Enzo waits patiently for me to speak again. I don’t know how much time passes before I finally murmur, “I was four years old when I caught the blood fever. The doctors had to remove one of my eyes.” I hesitate. “I’ve only done . . . this . . . twice before. Nothing seemed out of the ordinary during my childhood.”
He nods. “Some manifest powers later than others, but our stories are the same. I know what it’s like to grow up marked, Adelina. All of us understand what it is like to be abominations.”
“All of us?” I ask. My mind wanders again to the black market’s wooden carvings, to the growing rumors of the Young Elites. “There are others?”
“Yes. From around the world.”
The Windwalker. Magiano. The Alchemist. “Who are they? How many?”

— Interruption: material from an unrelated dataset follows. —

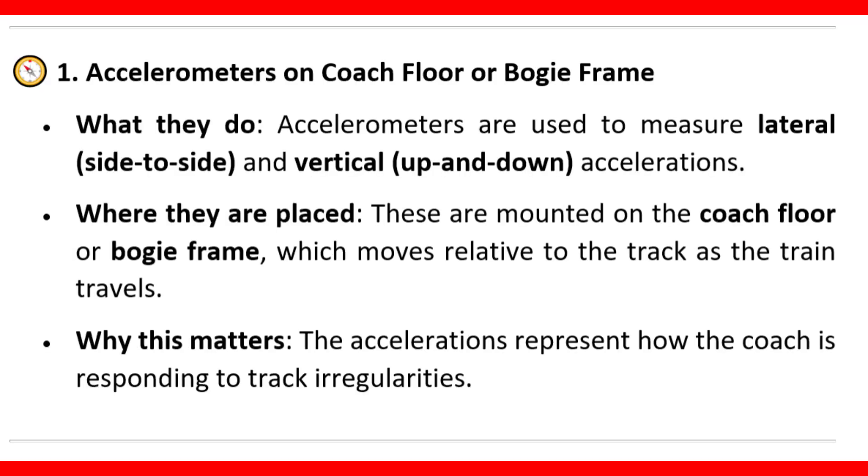Accelerometers on coach floor or bogey frame. What they do: accelerometers are used to measure lateral and vertical accelerations. Where they are placed: these are mounted on the coach floor or bogey frame, which moves relative to the track as the train travels. Why this matters: the accelerations represent how the coach is responding to track irregularities.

“Few, but growing. In the ten or so years since the blood fever died down in Kenettra, some of us have started making our presence known. A strange sighting here, an odd witness there. Seven years ago, villagers in Triese di Mare stoned a little girl to death because she had covered the local pond with ice in the middle of summer. Five years ago, people in Udara set fire to a boy because he had made a bouquet of flowers bloom right before his sweetheart’s eyes.” He tightens his gloves, and my eye again darts to the bloody flecks that coat the leather. “As you can see, I kept my abilities a secret for obvious reasons. It wasn’t until I met another who also possessed strange powers given to him by the fever that I changed my mind.”
“So. You’re a Young Elite.” There. I’ve said it aloud.
“A name the people invented to refer to our youth and our unnatural abilities. The Inquisition hates it.” Enzo smiles, a lazy expression of mischief. “I am the leader of the Dagger Society, a group of Young Elites who seek out others like ourselves before the Inquisition can. But we are not the only Elites—there are many others, I’m sure, scattered all across the world. My goal is to unite us. Burnings like yours happen every time the Inquisition thinks they’ve found a Young Elite. Some people abandon their own marked family members because they’re afraid of ‘bad luck.’ The king uses malfettos as an excuse for his poor rule. As if we are to blame for the state of his impoverished nation. If we don’t fight back, the king and his Inquisition Axis will kill us all, every child marked by the fever.” His eyes harden. “But we do fight back. Don’t we, Adelina?”
His words remind me of the strange whispers that have accompanied my illusions—something dark and vengeful, tempting and powerful. A weight presses on my chest. I am afraid. Intrigued.
“What will you do?” I whisper.
Enzo leans back and looks out the window. “We will seize the throne, of course.” He sounds almost indifferent, like he’s talking about his breakfast.
He wants to kill the king? What about the Inquisition? “That’s impossible,” I breathe.
He gives me a sideways look, something simultaneously curious and threatening. “Is it?”
My skin tingles. I peer closer at him. Then, suddenly, I cover my mouth with one hand. I know where I’ve seen him before.
“You—” I stammer. “You’re the prince.”
No wonder he looks familiar. I’d seen many portraits of Kenettra’s firstborn prince as a child. He was the crown prince back then, our future king. The word was that he had nearly died from the blood fever. He came out of it marked instead. Unfit to be heir to the throne. That was the last we all heard about him, really. After his father the king died, Enzo’s older sister stripped Enzo of his crown and banished him permanently from the palace, never again to set foot near the royal family. Her husband, a powerful duke, became king.